Let’s explore the distribution of the target variable. In this dataset, 20% of the records belong to applications with loan defaults.

distribution of target variables

Let’s explore the distribution of home ownership with respect to the target variable. There is no major difference or visible patterns in terms of loan defaults for home ownership features.

distribution of target variable based on churn status

Let’s explore the distribution of term duration with respect to the target variable. There is also no major difference in terms of loan defaults for the term, but there is a typo in the feature. You can see both categories - 36 months and 36 Months, both are the same.

distribution of term based on churn status

Let’s explore the distribution of loan grade with respect to the target variable. As you can see in the figure below, as loan grade increases, the chances of default also increase. It means that the probability of loan defaults is higher in loan grades - D, E, F, G

distribution of grade based on churn status

Let’s explore the distribution of the purpose feature in the dataset. Based on it, the top 3 purposes for the loan are - debt consolidation, credit card, and home improvement.

distribution of purpose feature in dataset

Now, let’s explore distributions of numerical features, dti, and annual income, using box plots for each target label. As you can see below, people with low annual income and higher dti are likely to default on loans.

distribution of annual income based on churn status

distribution of dti based on churn status

Data Cleaning

In this step, we will replace NULL values in home_ownership feature by mode and in dti by mean method. We will drop the last_major_derog_none column as it contains a lot of NULL values, and there is no appropriate method to impute missing values.
We will also resolve the inconsistencies in the term feature.

Data Preprocessing

Before developing the ML models, let’s standardize numerical features in the dataset, and one hot encode categorical features. We will use the StandardScaler class provided by the sklearn library in Python. Further, we will split the input data into training and testing data with an 80:20 ratio.

Developing the ML Models

First, we will train a logistic regression model and evaluate its performance. In this project, we will use accuracy, precision, and recall scores to compare and evaluate the performance of the ML models.
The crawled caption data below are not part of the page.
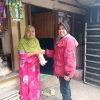 Jarnies Sumbar Berbagi, Bantu Janda hingga Petugas Kebersihan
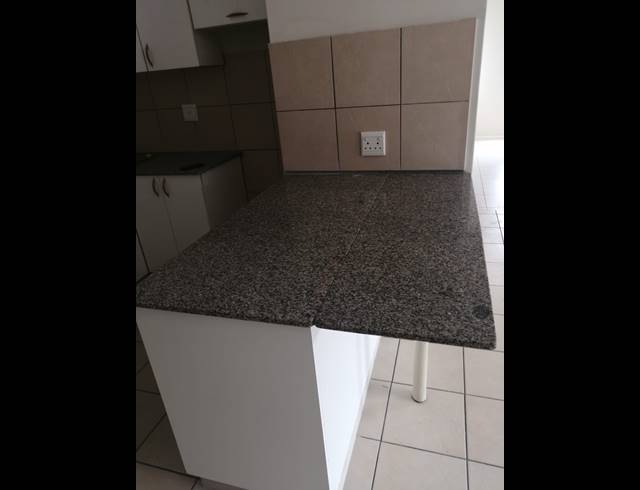 3 BEDROOM APARTMENT TO LET IN WESTVILLE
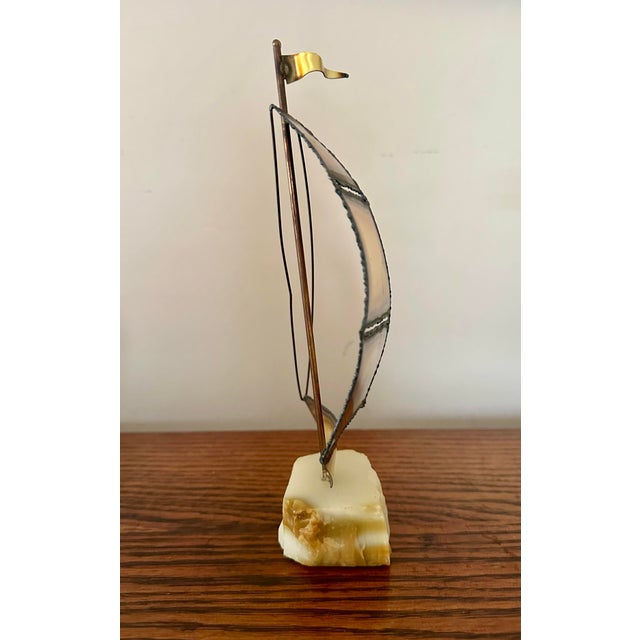 Mid-Century Modern Vintage Agate and Onyx Sailboat Sculpture – Mid-Century Nautical Decor For Sale - Image 3 of 5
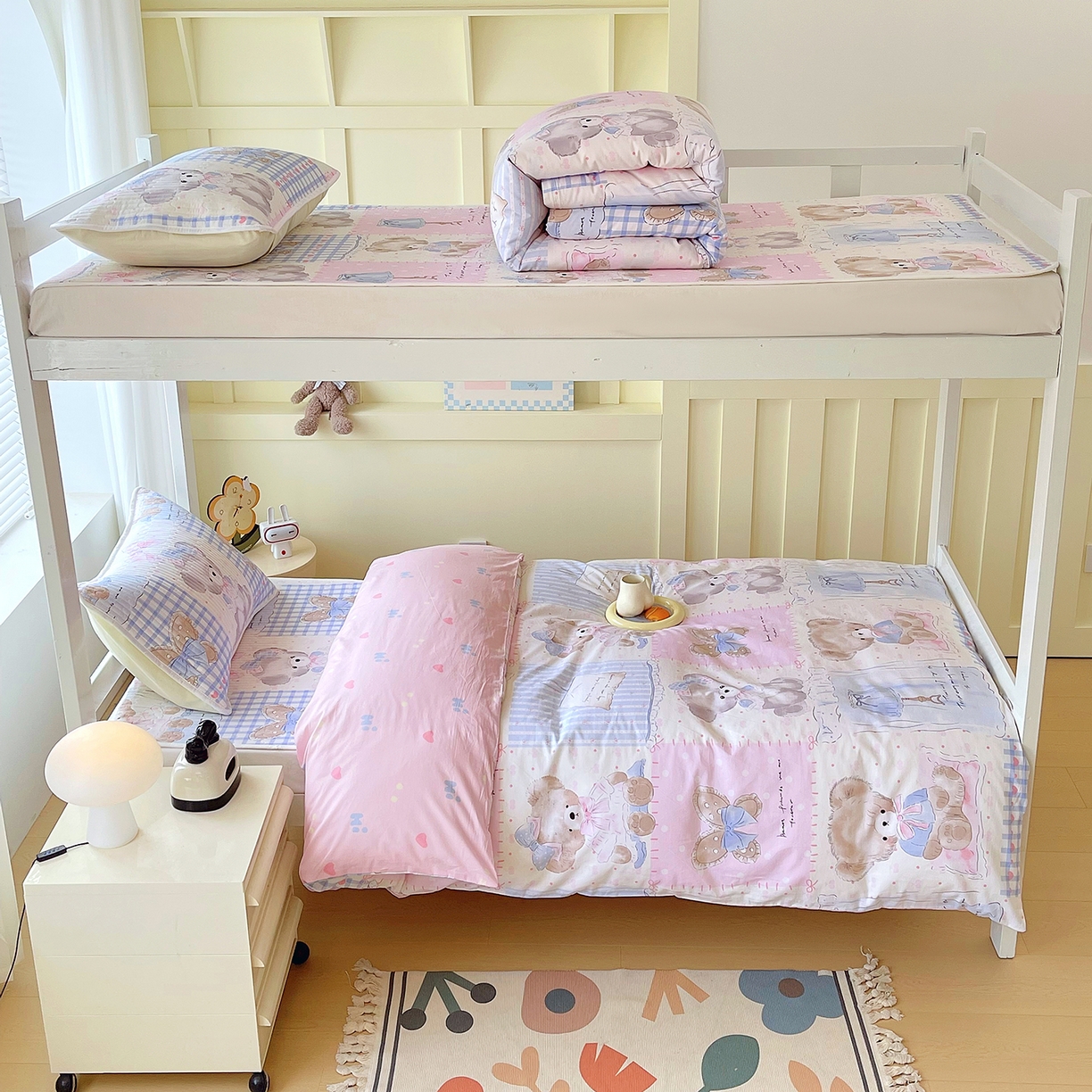 91家纺网 家纺一手货源 找家纺 金鑫汇家纺2025新款A类宿舍全棉印花床盖三件套 熊熊精灵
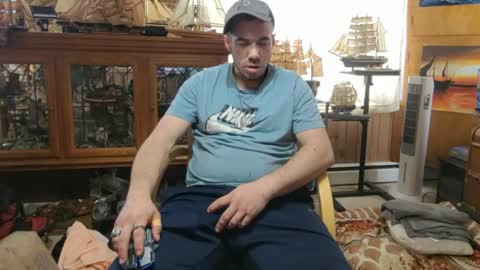 Snapshot of heisherrmann chatting on April 28, 2026, 5:29 pm xxScubaStevexx online show from April 28, 2026, 5:29 pm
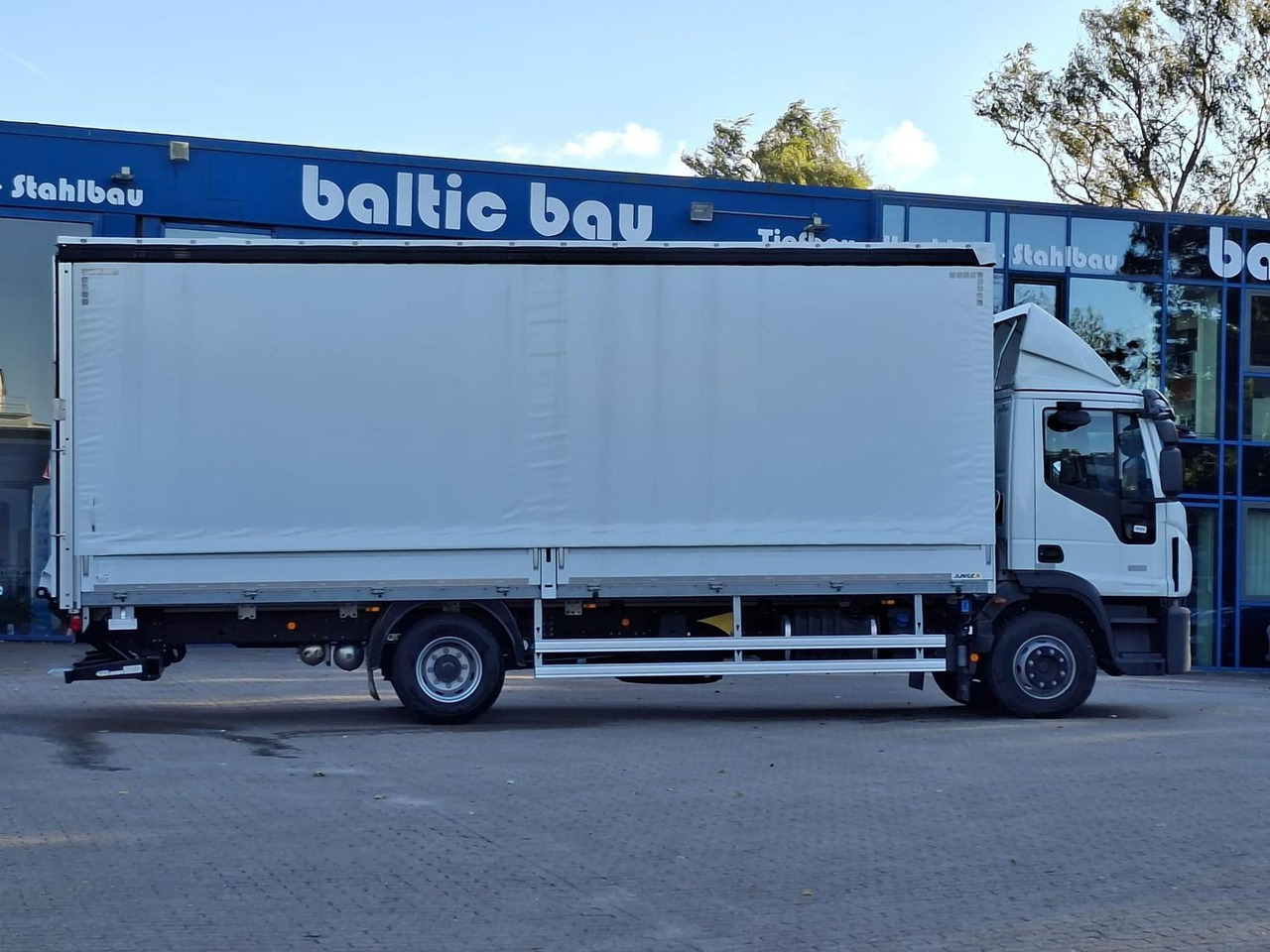 Iveco ML120E25/P JUNGE KOFFER LBW 1,5t AHK 185 kW (... - משאית: תמונה 3 Iveco ML120E25/P JUNGE KOFFER LBW 1,5t AHK 185 kW (... - משאית: תמונה 3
evaluate performance of ml models

As we can see in the above figure the accuracy is only 64%. The precision and recall for the positive class are 32% and 66%, respectively. Let’s build a K nearest neighbor classifier next and check whether we get any improvement in accuracy, precision, and recall score or not.

build k nearest neighbor classifier

As we can see in the above figure, with KNN, accuracy, and precision improved to 80% and 72%, respectively, but recall reduced to only 4%. Let’s build an SVM classifier and check whether we get any further improvement.
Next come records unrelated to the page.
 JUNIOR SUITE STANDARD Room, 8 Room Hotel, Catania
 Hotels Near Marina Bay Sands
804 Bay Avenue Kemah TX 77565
building svm classifier example

SVM performance is similar to logistic regression. Its accuracy, precision, and recall values are almost the same as logistic regression. Let’s build a decision tree classifier in the next step.

building decision tree classifier

Decision tree classifier performance is the same as the KNN classifier. It has high precision but very poor recall. Let’s check whether the Random Forest classifier shows any improvement or not.
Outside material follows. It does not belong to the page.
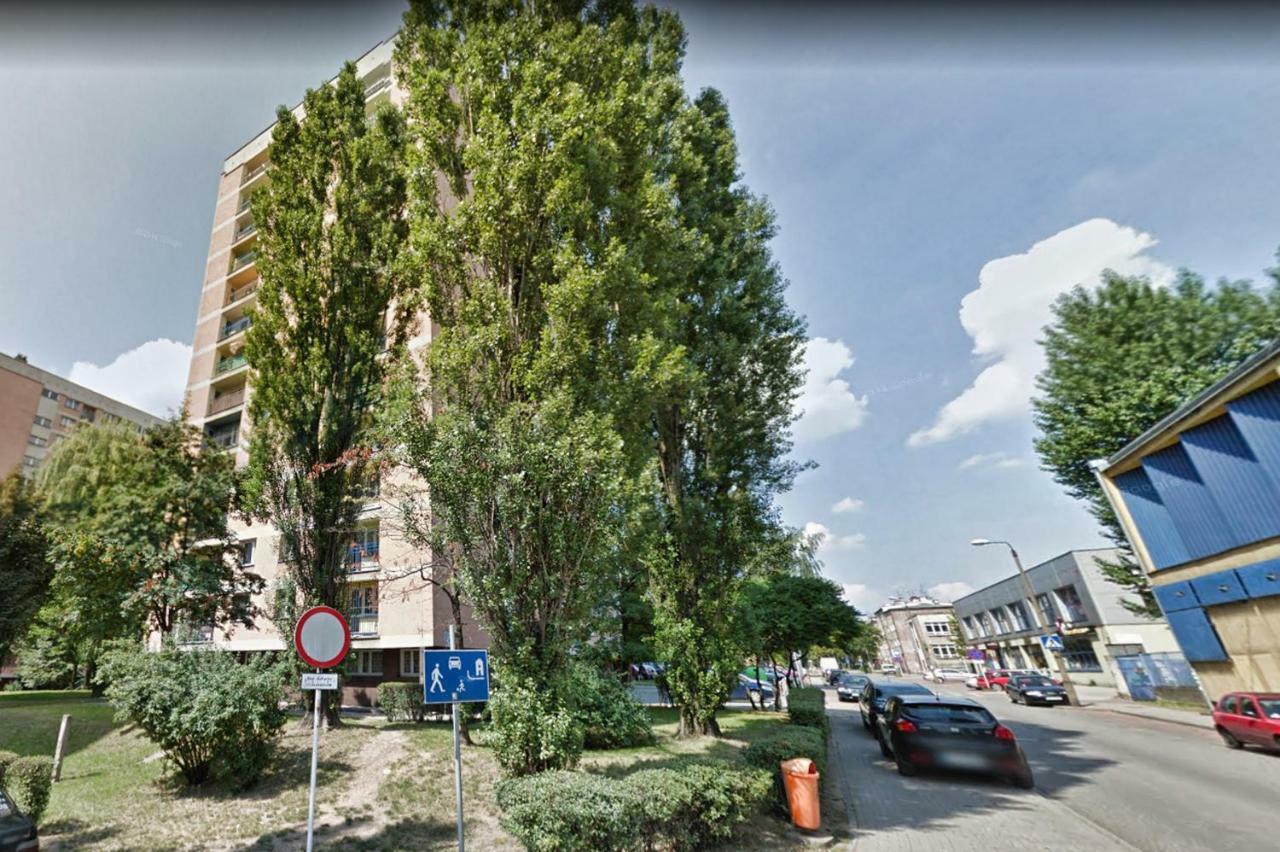 Ktw Spodek Apartment คาโตวีตเซ ภายนอก รูปภาพ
random forest classifier example

Random forest is also performing very poorly in predicting loan defaults. Let’s explore the XGBoost classifier in the next step.

xgboost classifier example

As you can see, XGBoost has good accuracy and precision, but its recall is very poor compared with SVM and Logistic Regression models. Thus, we can conclude that for this problem, SVM and Logistic Regression models work best.

What’s Next

You can explore whether outliers are present or not in the features. You can also explore the correlation between independent variables to derive insights.
You can perform a grid search-based hyperparameter tuning to come up with the best hyperparameter combination for a given model.

Conclusion

We examined the loan default dataset by applying various statistical and visualization techniques.
We trained and developed six ML models. We also concluded that for this problem, SVM and Logistic Regression models work best.